Konrad Freiberg: Nein, die Beamten haben Erfahrung mit solchen Situationen, die gehen da ganz professionell mit um. Aber richtig ist auch, dass die Belastung der Bereitschaftspolizei sehr hoch ist. Die Kollegen im Einsatz in Stuttgart werden aus allen Landesteilen herangezogen. Wir beklagen seit Wochen, dass die Schichten in vielen Städten ausgedünnt sind. Manche Kollegen haben An- und Abfahrten von drei bis vier Stunden um am Stuttgarter Hauptbahnhof ihren Dienst anzutreten. Da müssen manche zur Frühschicht ab 6 Uhr bereits um 2 Uhr Nachts aufbrechen.

Der Donnerstag war der erste Tag mit derart heftigen Ausschreitungen beim nun schon Wochen dauernden öffentlichen Widerstand gegen „Stuttgart 21“. Welche Erkenntnisse haben Sie in Hinblick auf die autonome Szene, die solche Anlässe gerne nutzt, um gegen die Polizei Front zu machen?

Konrad Freiberg: Wir befürchten eine Radikalisierung der Proteste in Stuttgart. Bisher haben sich alle bemüht, keine Gewalt anzuwenden. Es gab Ansätze eines kleinen schwarzen Blockes. Aber das ist bisher in den Griff bekommen worden. Es gibt jedoch Kräfte, die das Thema für sich entdecken. Bisher aber steht in der Szene das Thema Castor noch im
Vordergrund.

Wie geht es mit Blick auf das Wochenende weiter in Stuttgart? Am Freitag wurde das Baumfällen im Schlossgarten fortgesetzt. Wieder sind Demonstranten vor Ort.

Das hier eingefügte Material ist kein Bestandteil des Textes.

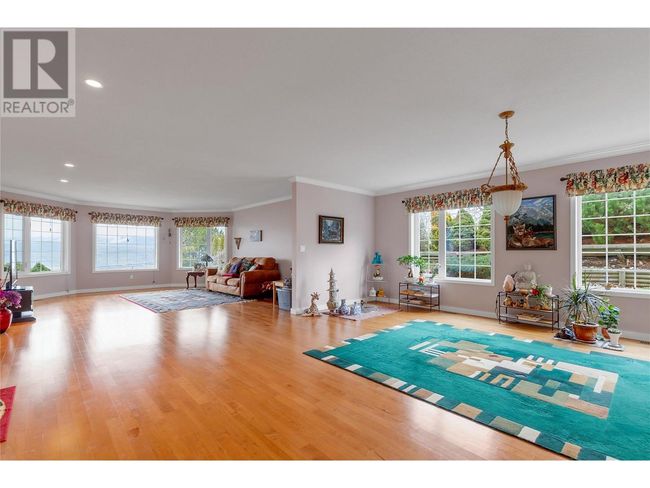 7603 Baker Hogg Rd, House other with 3 bedrooms, 3 bathrooms and 2 parking in North Okanagan Rd Rural BC | Image 14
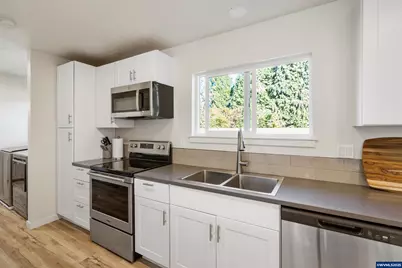 3994 Crestview Dr S, Salem, OR 97302 - Photo 15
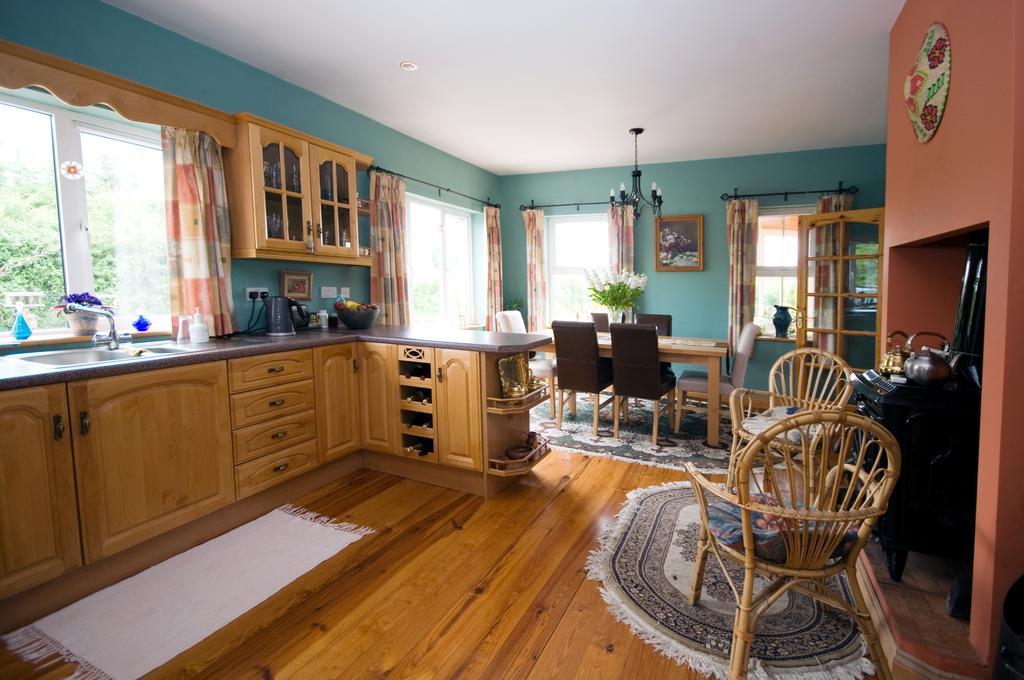 Carrick on Shannon Lake Rise Holiday Home At Kilmaddaroe الغرفة الصورة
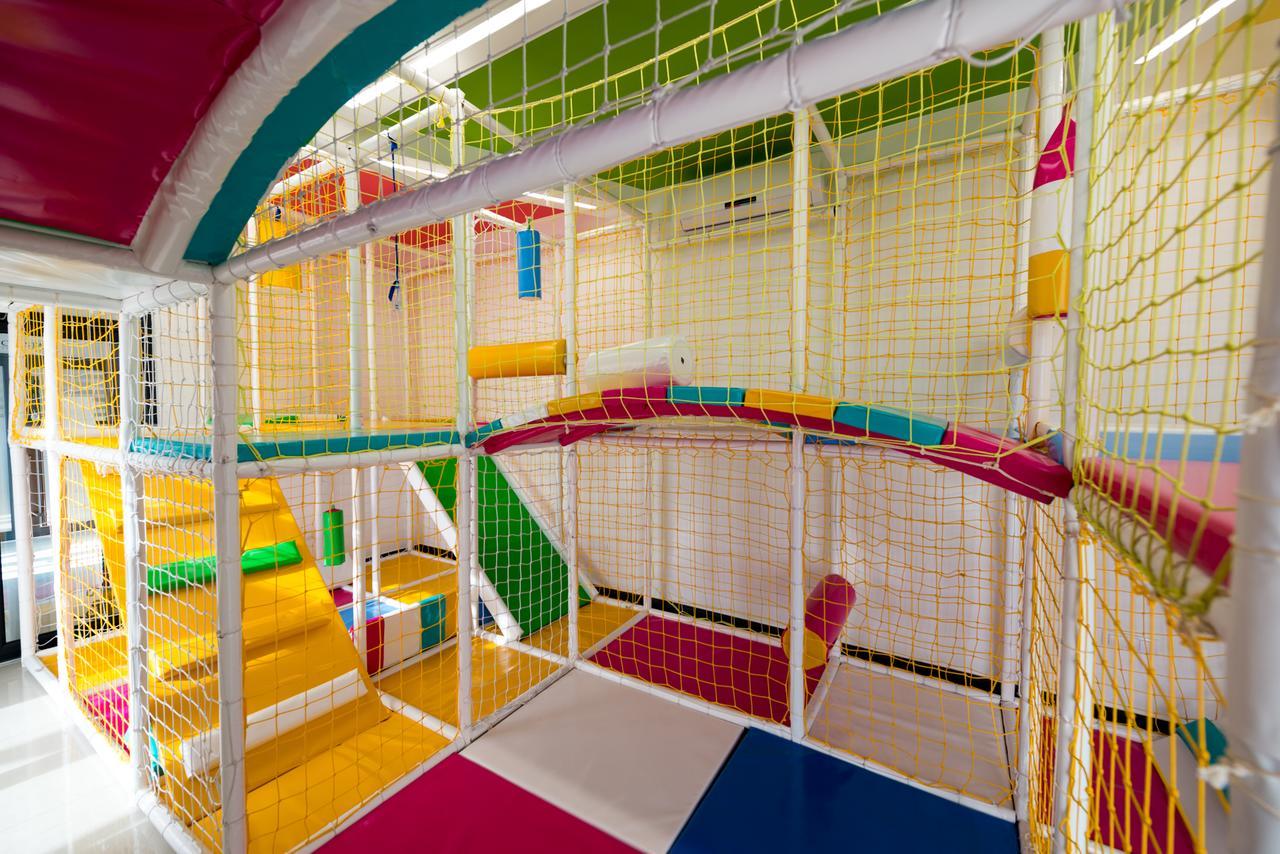 Hotel Crystal Pecinci Zewnętrze zdjęcie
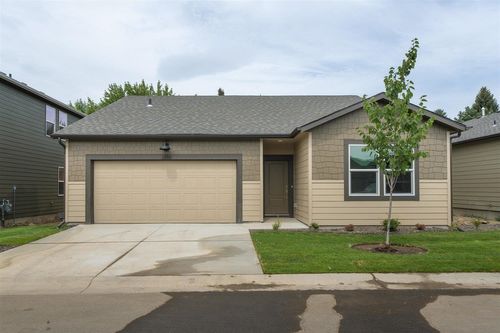 607 E L St, Deer Park, WA, 99006 | Card Image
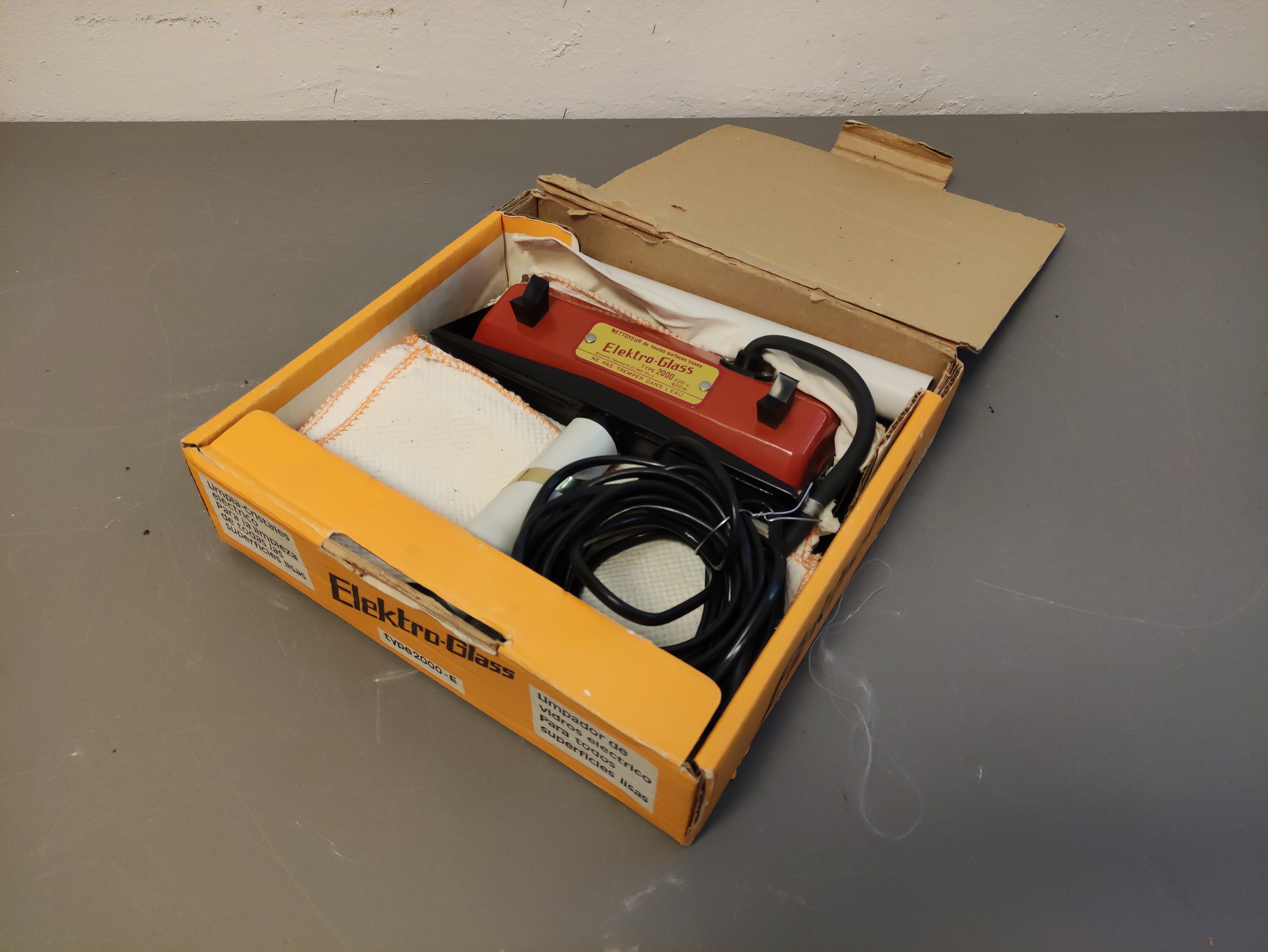 maquina limpieza polvo electroglass+caja 6.2x24x23.5 1u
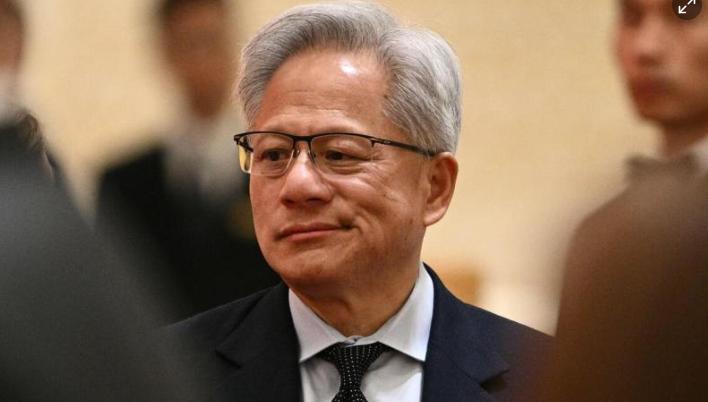 黄仁勋随同美国总统特朗普访华。看看记者拍照的图的右侧的脸，是不是需要赶紧找个中医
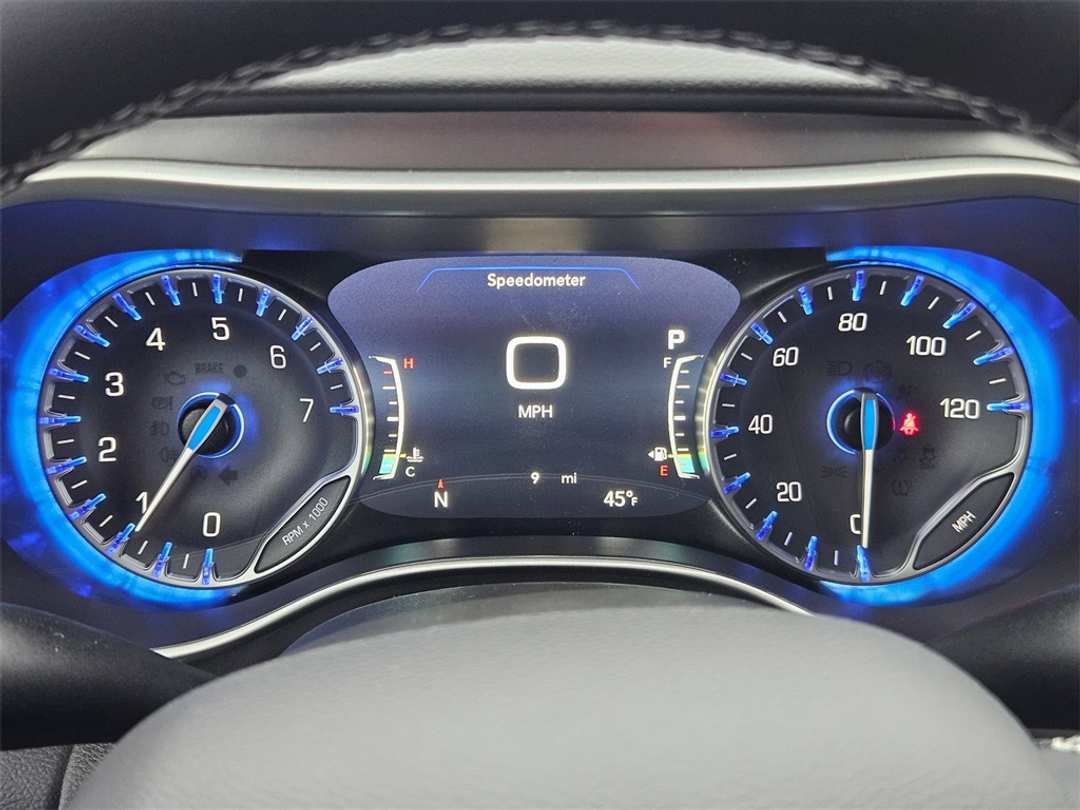 2026 Chrysler Voyager LX - Image 16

Konrad Freiberg: Die Einsatzkräfte sind im Dauer-Stress. Alleine in Baden-Württemberg sind an diesem Wochenende zahlreiche weitere Einsätze: Problematische Bundesliga-Fußballspiele, das Volksfest Cannstatter Wasen. Dazu kommen bundesweit Anmeldungen von NPD-Demonstrationen und es gibt die Einheitsfeiern in Bremen. Das wird ein ganz schwieriges Wochenende.